Thursday, August 30, 2012

Avoiding Accounting and Tax Errors

Have you ever made a math error with your checkbook or banking accounts?

Basic math errors and incorrect tax computations are two of the five most common business
tax errors.
per the IRS
What can business owners do to minimize mathematic and tax errors?
When I was an accounting assistant at Comey & Shepherd, the accounting team had an
error bank. We each contributed a dollar when we made an error.
1
Set time to exclusively manage your business and related tasks.
2
Perform monthly reconciliations of all financial records and bank accounts.
3
Keep all business records, whether fiscal or operational organized and maintained.
4
Match all outside records such as invoices to business financial data on hand frequently.
5
Just as a carpenter will measure twice and cut once, you should double check all numbers.

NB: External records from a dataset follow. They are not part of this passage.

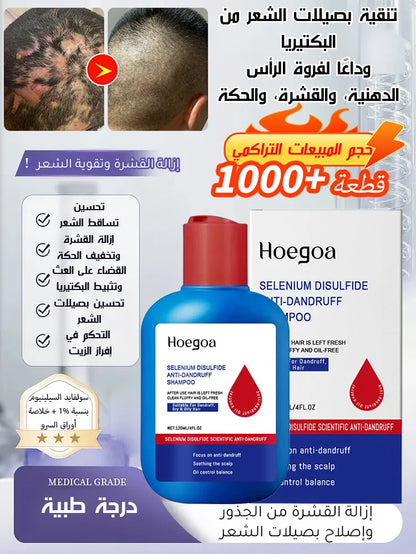 【التخلص من سعفة فروة الرأس العنيدة في 3 أسابيع】شامبو طبي مضاد للبكتيريا والعث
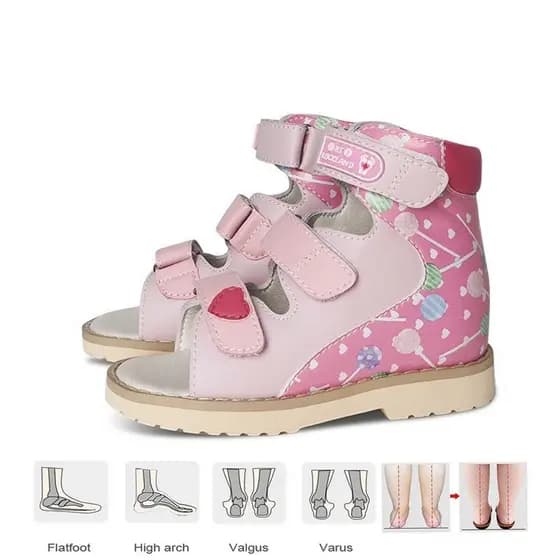 Sapatos de Verão para Meninas, Novas Sandálias Ortopédicas Rosa Flapeet Varo para Bebês FXFK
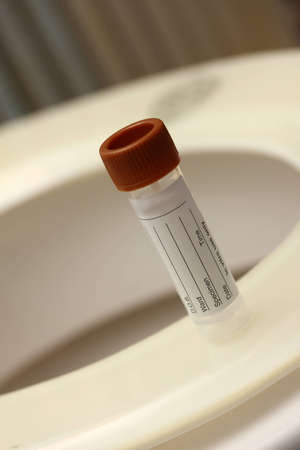 medicinical stool sampleの写真素材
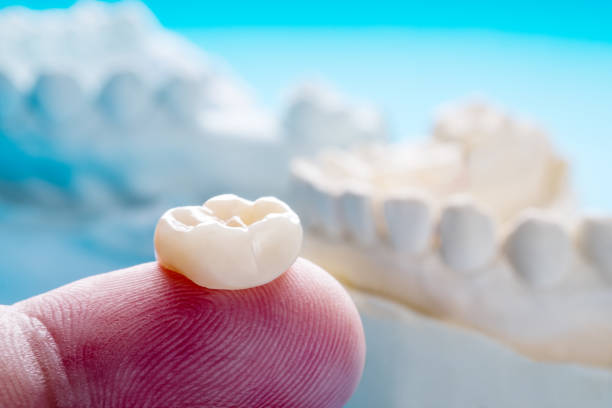 Prosthodontics or Prosthetic Closeup / Prosthodontics or Prosthetic / Single teeth crown and bridge equipment model express fix restoration. dental crown stock pictures, royalty-free photos & images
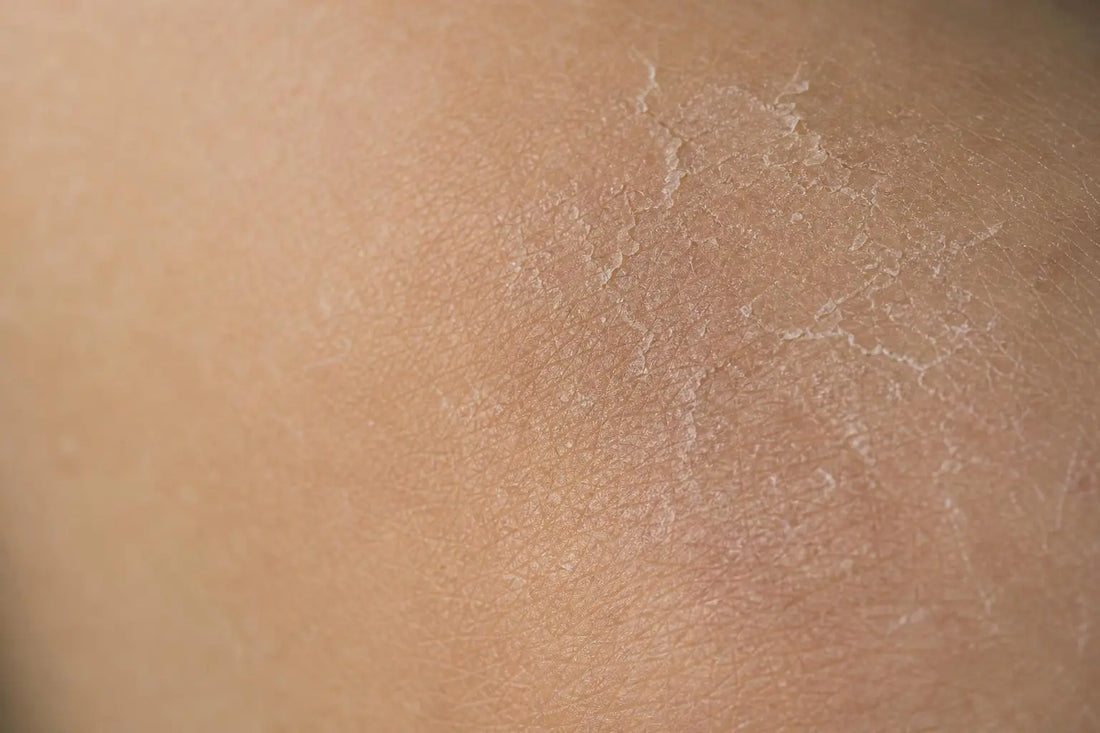Comment renforcer la barrière cutanée et réparer sa peau fragilisée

Computers and calculators will make this task easier.
6
Test your calculations logically. For example be able to subtract figures that you added in
order to achieve the same starting point. Specifically if 1+2=3 then 3-2=1.
7
Restrict the tasks of your employees in order to avoid intentional misreporting.
8
Hire accounting professionals to review and monitor this information and update the records
if deemed necessary.
a
Monthly accounting services, including the bookkeeping task should help avoid errors.

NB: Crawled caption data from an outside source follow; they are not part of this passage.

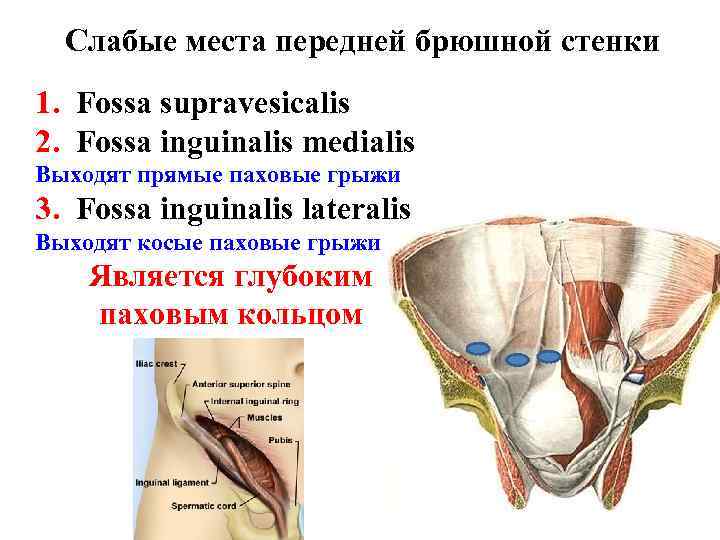 Слабые места передней брюшной стенки 1. Fossa supravesicalis 2. Fossa inguinalis medialis Выходят прямые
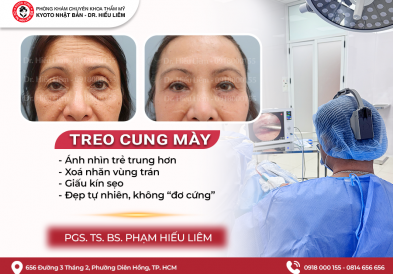 Ưu điểm và nhược điểm của nâng cung mày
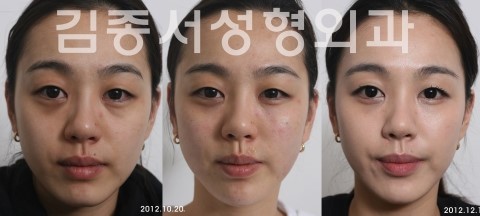ANTI-AGING MEDICINE ASIAN CONGRESS (싱가폴 세계학회 발표/ 김종서성형외과원장 10월 25-27일 무려 3개 강의) 관련 이미지 3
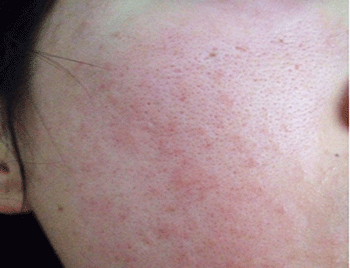 脸上过敏怎样快速消除的方法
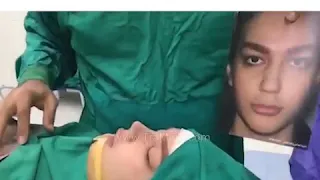 نتيجة عملية تجميل الأنف اللحمی مباشرتا بعد العملیة 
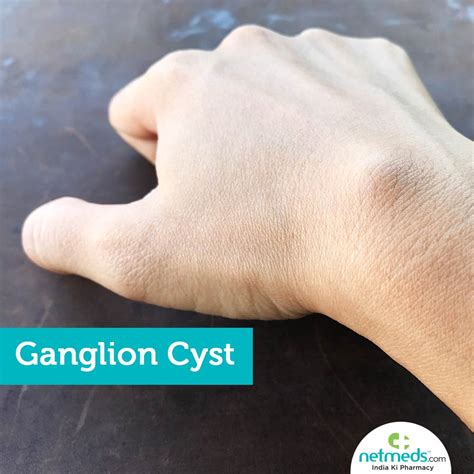 How To Aspirate A Ganglion Cyst At Home Grizzbye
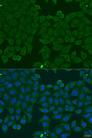 IFNA6 / Interferon Alpha 6 Antibody - Immunofluorescence analysis of U2OS cells using IFNA6 Polyclonal Antibody at dilution of 1:100.Blue: DAPI for nuclear staining.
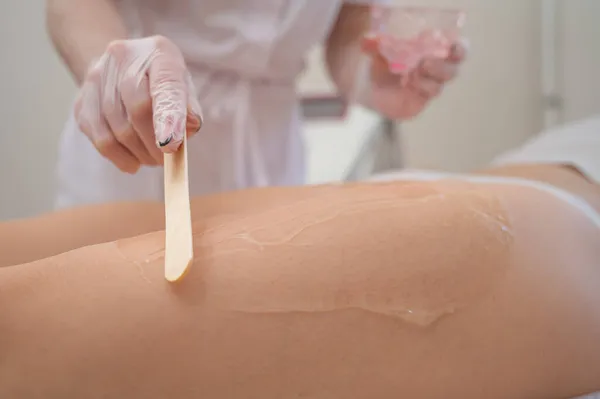 El maestro aplica el gel anestésico con una espátula a las piernas de las mujeres antes de la depilación láser. Depilación permanente con un dispositivo en la clínica — Foto de Stock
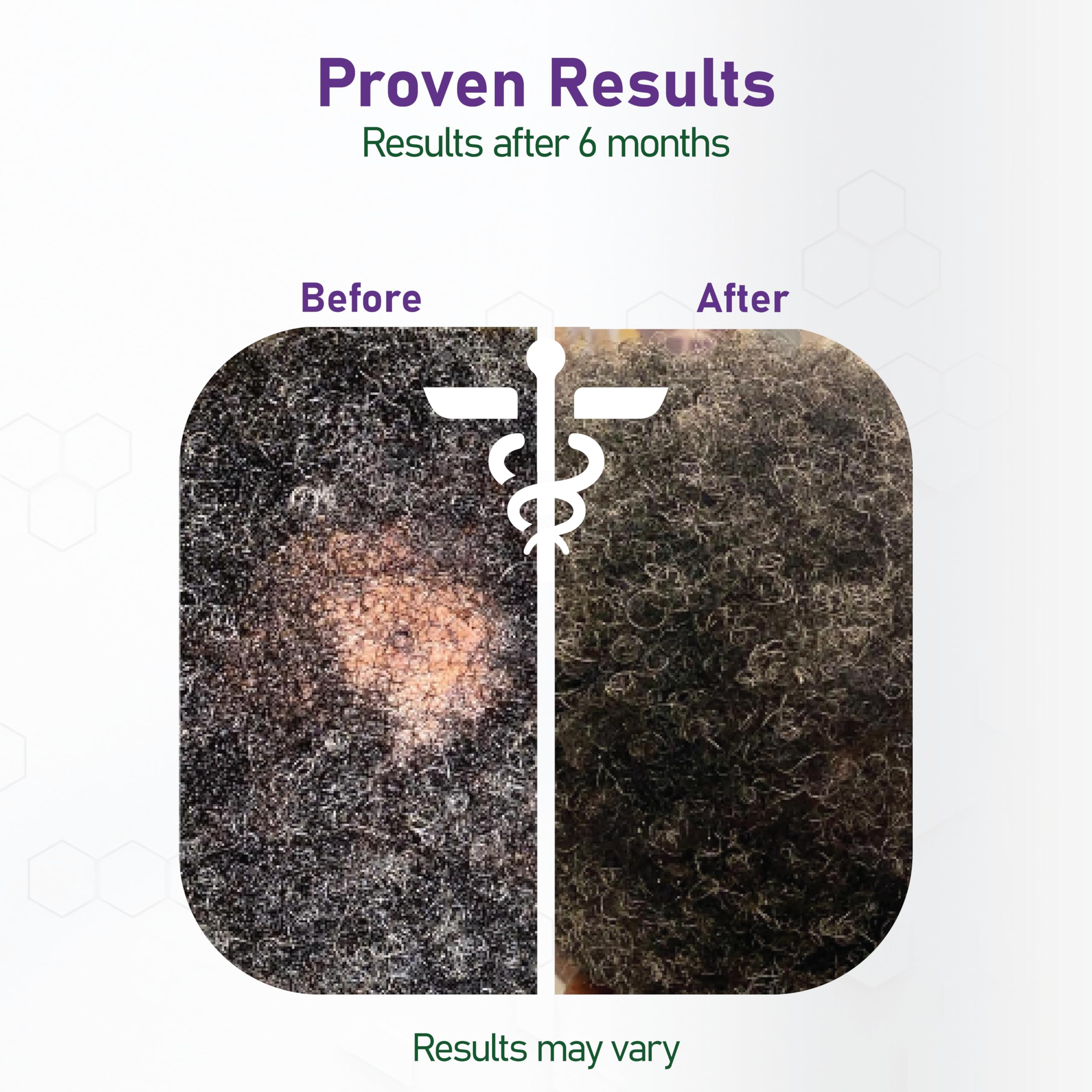 NouriTress daily scalp routine ready for use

This will help better explain cash flows and budget trends.
b
I have worked with records from shoeboxes of receipts, checkbooks, bank statements
and turned them into tax returns and or financial statements.
9
For tax filings match up with other government filings in order to avoid audits and confusion.
a
reconcile totals that are entered with your tax return figures. For example make sure the
reported payroll records can be reconciled with the reported payroll expense on your
tax returns.
b
reconcile all 1099 statements with both the reported revenue and expenses.
c
confirm that all reported tax payments have been paid and cleared your bank.
d
Verify that you don't count penalties as payments of tax due.